Suva High Court rules out DNA evidence

In a first for Fiji, the Suva High Court has ruled that it can’t use DNA results as evidence in a rape trial because the Fiji Police Force did not use the correct procedures in obtaining the DNA tests from the accused.

Justice Thushara Rajasinghe ruled this week that the Constitutional rights of the accused man, Kitione Vakadranu were breached.

Key to his findings, Judge Rajasinghe has said that at the time Vakadranu’s clothing and buccal (mouth swab) samples was taken by police at Nasinu police station, his consent was not obtained nor did police explain the reasons as to why they were being taken.

Deoxyribonucleic Acid, commonly known as DNA, is a genetic blueprint of the human body. DNA evidence emerged as a reliable scientific evidence in the mid-1980s and gained its popularity and the confidence of its accuracy in the 1990s. In Fiji it is used across a range of criminal investigations.

The Judge has cited Section 14 (2) (j) of the Constitution which states: “Every person charged with an offence has the right to remain silent, not to testify during the proceedings, and not to be compelled to give self-incriminating evidence, and not to have adverse inference drawn from the exercise of any of these rights”.

Justice Rajasinghe said any DNA evidence that is constructed using the DNA sample obtained from the accused without his or her informed consent, would amount to self-incriminating evidence against the accused.

“Hence, such evidence would become unlawfully obtained evidence in breach of the constitutional rights of the accused. Such evidence is not allowed to be adduced against the accused,” he ruled.

Three Fiji police force officers were involved in investigating Vakadranu and the Judge ruled they gave different versions of evidence on how the DNA samples were obtained.
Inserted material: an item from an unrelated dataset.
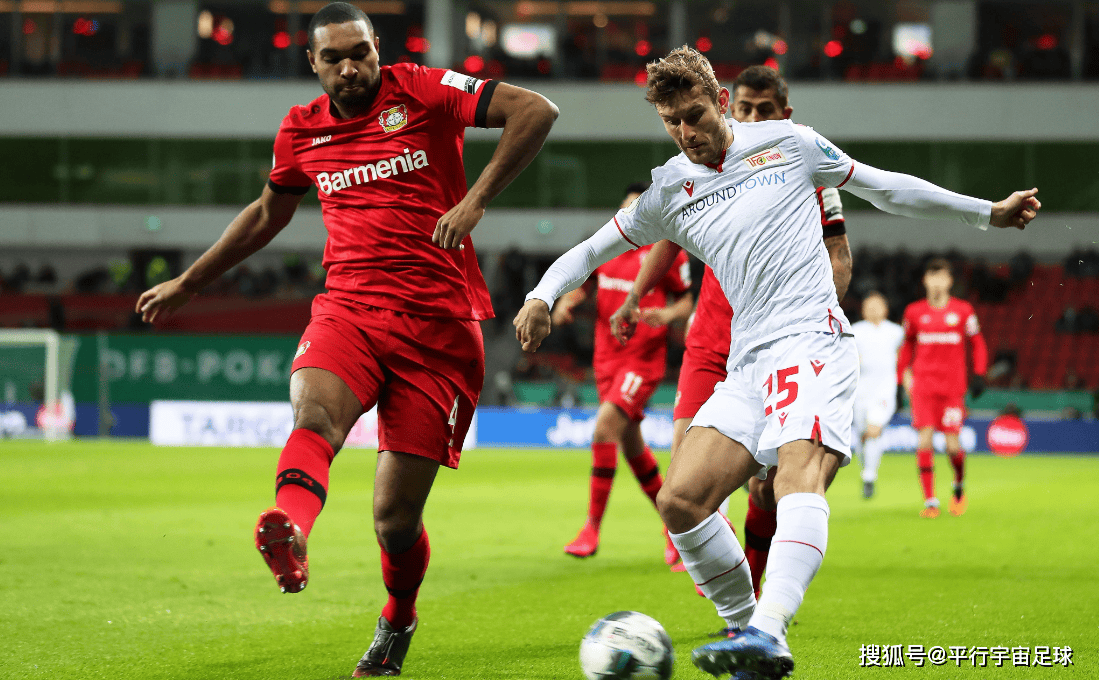 勒沃库森队在攻防转换中取得胜利 勒沃库森队在攻防转换中取得胜利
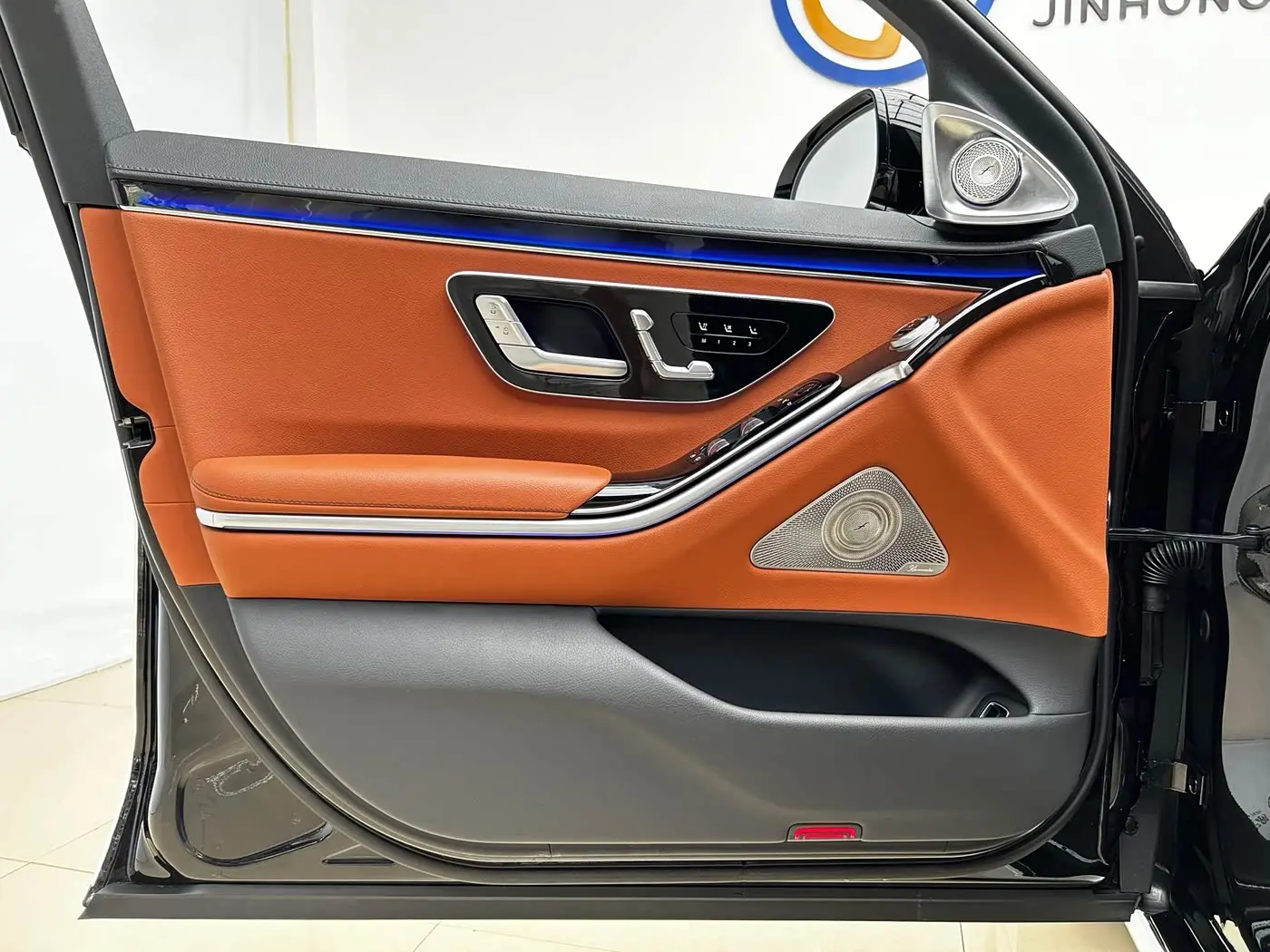 Mercedes-Benz S-Class 2023 — Photo 6/20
“In view of these contradictions and inconsistencies in the evidence of Sgt. Vinod, Sgt. Naupoto and DC Lualala, I find reasonable doubt about the credibility and reliability of the evidence given by Sgt. Vinod and Sgt. Naupoto regarding the collection of buccal swab and clothes of the accused for the DNA testing. Both Sgt. Vinod and Sgt. Naupoto in their respective evidence, admitted that they have not explained the accused that the result of the testing would be used in evidence against him,” the Judge ruled.

“In view of these reasons discussed above, I find that the prosecution has failed to prove beyond reasonable doubt that the accused has given his informed consent to obtain his clothes and buccal swab for DNA testing. Hence, I find the collection of the clothes and the buccal swab of the accused in order to construct the DNA test result is in breach of his rights under Section 8, 9, 12, 13 (1) (d), 14 (2) (j) and (k) of the Constitution. I accordingly rule that the DNA test report is not admissible in evidence,” Justice Rajasinghe ruled.

The matter is now expected to go to a retrial, minus the DNA evidence.